SAN JOSE (KPIX 5) – In the wake of the VTA mass shooting, San Jose Mayor Sam Liccardo has reintroduced his proposal for mandatory gun owners' insurance and an annual gun fee, in addition to other provisions.

"With council approval San Jose would become the first city in the United States to require every gun owner to have liability insurance coverage for their firearms. Second, San Jose would become the first U.S. city to require gun owners to pay a fee to compensate taxpayers for the public cost of responding to gun violence," Liccardo at the makeshift memorial at City Hall that honors the nine fallen VTA workers who were shot and killed at the light rail yard on May 26.

Liccardo first floated the idea of gun insurance following the Gilroy Garlic Festival mass shooting in 2019, where a gunman killed three people and wounded 17 others before ending his life.

The mayor said the insurance would be "little to no extra cost" for some owners, since they would already have it as part of their homeowners policy.

"And that way we can ensure that victims are compensated where there's an insurable event. And of course, insurance companies will help us make gun possession safer," said Liccardo.

As for the proposed annual gun fee, the mayor is convening a team of experts to calculate the cost to San Jose taxpayers. In a written statement, the mayor's office said gun violence in 2018 directly cost California's taxpayers $1.4 billion.

"We are cognizant, as the Second Amendment dictates, so that we will not be imposing fees that are so great as to be prohibitive to ownership. We want a fee that will compensate taxpayers for the cost of everything from emergency rooms to police response," the mayor said.

Some of the other proposals:

Ghost Guns: San Jose would implement an ordinance to tighten loopholes in state law

Video and audio recording of gun purchases: to reduce "straw purchases" where one party buys a firearm for another.

Gun Violence Restraining Orders: Public education campaign, and improved law enforcement training, and sponsoring state legislation

"Looking Out for One Another": Create a public campaign for community-based, crowd-sourced reporting of implied or explicit threats of violence

Sam Paredes, Executive Director of Gun Owners of California, is forming a coalition of gun rights advocates to mount a legal challenge, if the city council passes ordinances for mandatory insurance and annual fees.

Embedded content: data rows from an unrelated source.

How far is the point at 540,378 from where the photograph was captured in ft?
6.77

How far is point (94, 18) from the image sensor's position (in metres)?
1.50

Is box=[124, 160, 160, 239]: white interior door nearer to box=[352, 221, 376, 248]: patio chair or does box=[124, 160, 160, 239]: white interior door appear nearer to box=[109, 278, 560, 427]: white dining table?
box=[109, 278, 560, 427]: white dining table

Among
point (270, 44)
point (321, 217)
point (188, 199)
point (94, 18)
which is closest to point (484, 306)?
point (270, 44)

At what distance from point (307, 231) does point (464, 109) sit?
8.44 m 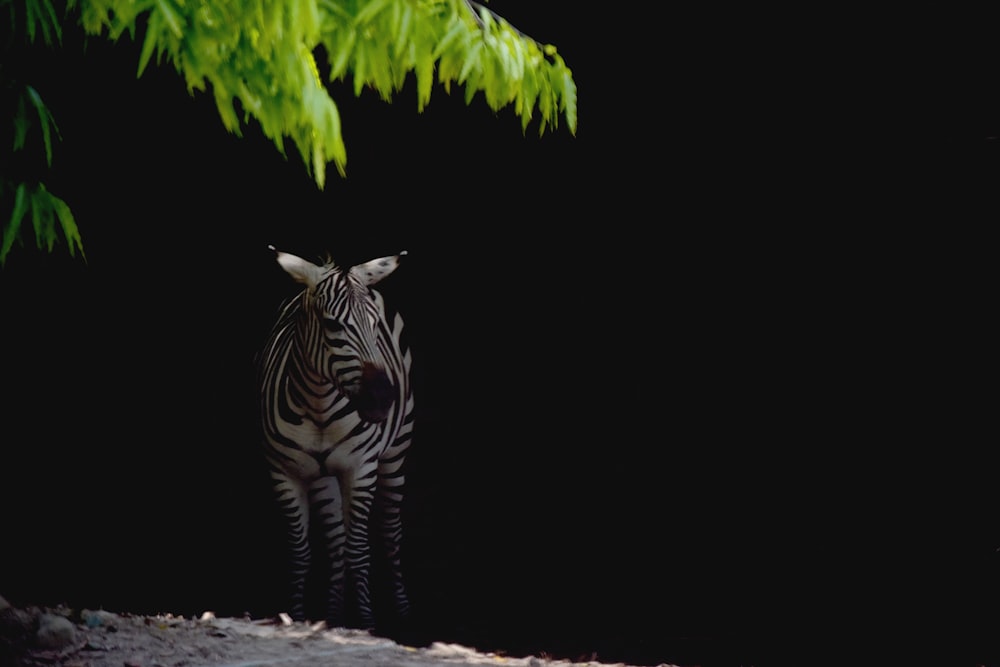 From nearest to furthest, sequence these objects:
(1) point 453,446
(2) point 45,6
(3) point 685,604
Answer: (2) point 45,6
(3) point 685,604
(1) point 453,446

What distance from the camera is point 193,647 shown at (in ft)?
14.1

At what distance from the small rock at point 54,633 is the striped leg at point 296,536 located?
164 cm

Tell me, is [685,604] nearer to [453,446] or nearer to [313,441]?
[453,446]

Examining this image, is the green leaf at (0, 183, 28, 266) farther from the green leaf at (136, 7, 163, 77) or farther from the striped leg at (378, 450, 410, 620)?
the striped leg at (378, 450, 410, 620)

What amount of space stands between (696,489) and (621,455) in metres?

"I strongly believe that Mayor Sam Liccardo is trying to do things he has no authority to do," said Paredes.

California's longstanding pre-emption laws prevent the hundreds of local governments from passing a patchwork quilt of differing gun laws, according to Paredes.

"Without that, various communities could sponsor their own laws governing firearms acquisition, sales, use and storage, and all of that. And law abiding citizens from other parts of the state would be breaking the law just by passing through some of these communities," Paredes told KPIX 5. "That's why no other city has successfully done what the mayor is proposing to do."

"It is, we believe, very strongly unconstitutional for the government to require law-abiding citizens who are doing nothing more than exercising their Second Amendment rights to be required to have insurance, or to be taxed, while they are exercising that enumerated right," Paredes went on to say.

The mayor's gun insurance and fee proposal goes before the Rules Committee next week. If it passes, Liccardo's proposal could move towards consideration before the full San Jose City Council before the end of June.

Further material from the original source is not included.